*** Exercise material
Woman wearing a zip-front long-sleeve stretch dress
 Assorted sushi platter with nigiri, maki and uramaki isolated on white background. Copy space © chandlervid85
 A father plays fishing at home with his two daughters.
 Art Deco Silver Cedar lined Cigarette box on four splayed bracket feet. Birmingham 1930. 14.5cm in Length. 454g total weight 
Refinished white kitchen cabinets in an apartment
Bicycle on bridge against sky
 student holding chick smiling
******
Your task —
The response should be every record above restated exactly.

Written reply —
Woman wearing a zip-front long-sleeve stretch dress
 Assorted sushi platter with nigiri, maki and uramaki isolated on white background. Copy space © chandlervid85
 A father plays fishing at home with his two daughters.
 Art Deco Silver Cedar lined Cigarette box on four splayed bracket feet. Birmingham 1930. 14.5cm in Length. 454g total weight 
Refinished white kitchen cabinets in an apartment
Bicycle on bridge against sky
 student holding chick smiling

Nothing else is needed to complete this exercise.